_Input data:_
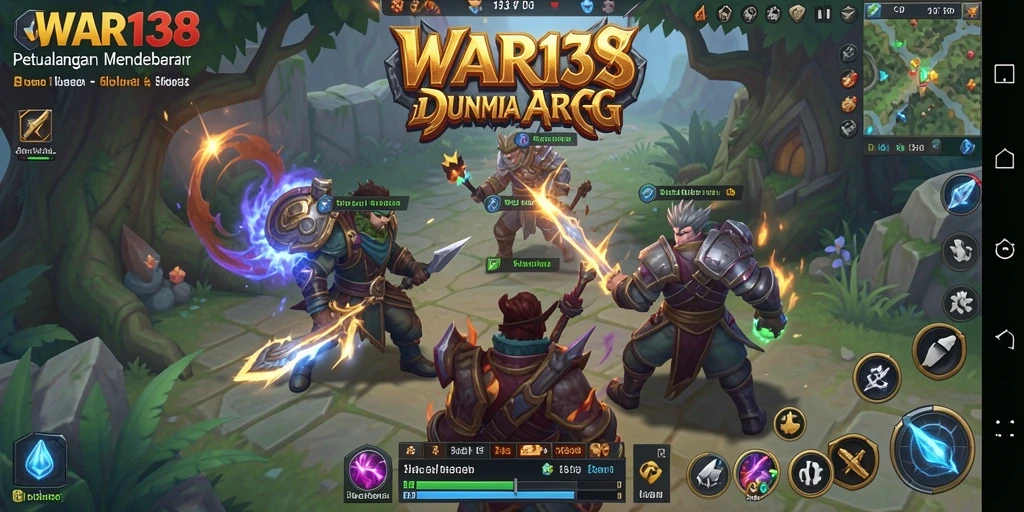Tampilan aksi seru dalam gameplay ARPG WAR138 yang memukau.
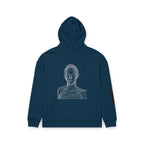 Abstract Drip Logo Hoodie — WNTX Graphic Back Portrait Streetwear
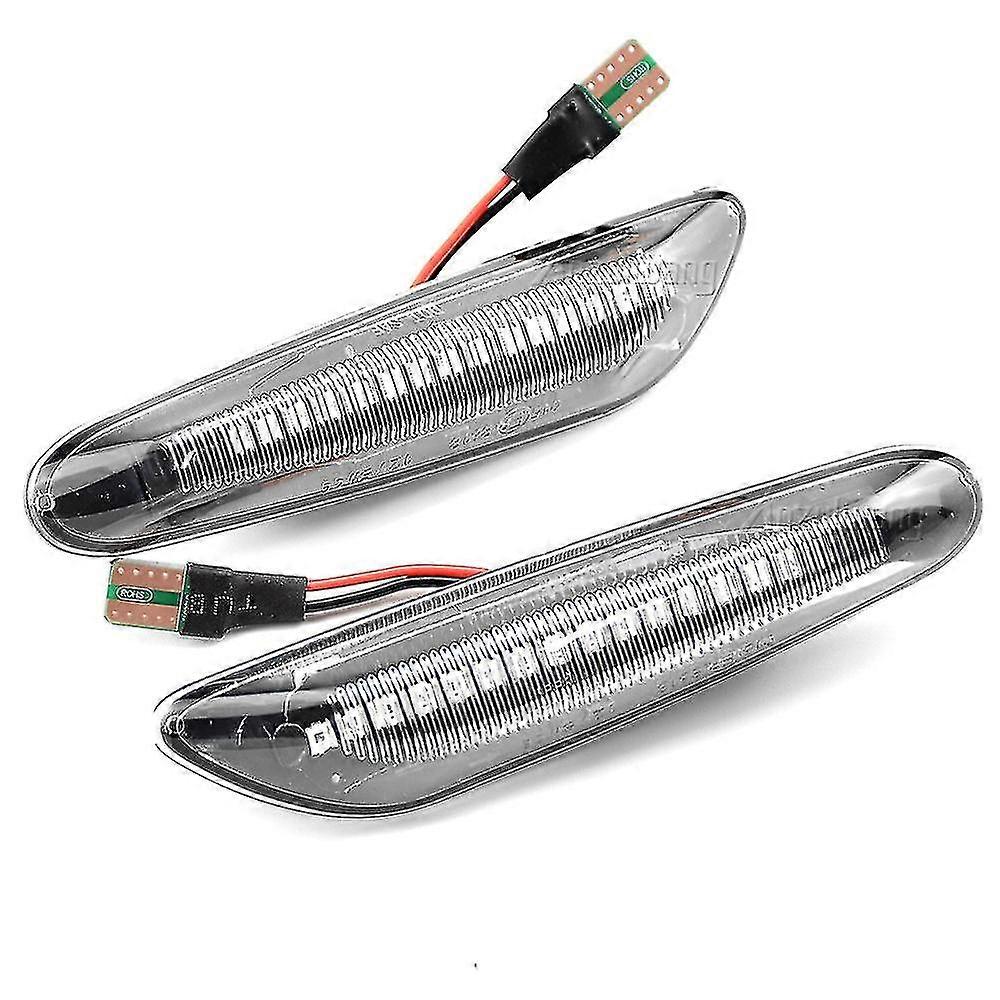 2pcs Led Dynamic Turn Signal Side Marker Light Sequential Blinker Light For Bmw E90 E91 E92 E93 E60 E61 E81 E82 E83 E84 E88 E46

_Work to be completed:_
Omit the images; transcribe the listing verbatim.

_Answer to the exercise:_
Tampilan aksi seru dalam gameplay ARPG WAR138 yang memukau.
 Abstract Drip Logo Hoodie — WNTX Graphic Back Portrait Streetwear
 2pcs Led Dynamic Turn Signal Side Marker Light Sequential Blinker Light For Bmw E90 E91 E92 E93 E60 E61 E81 E82 E83 E84 E88 E46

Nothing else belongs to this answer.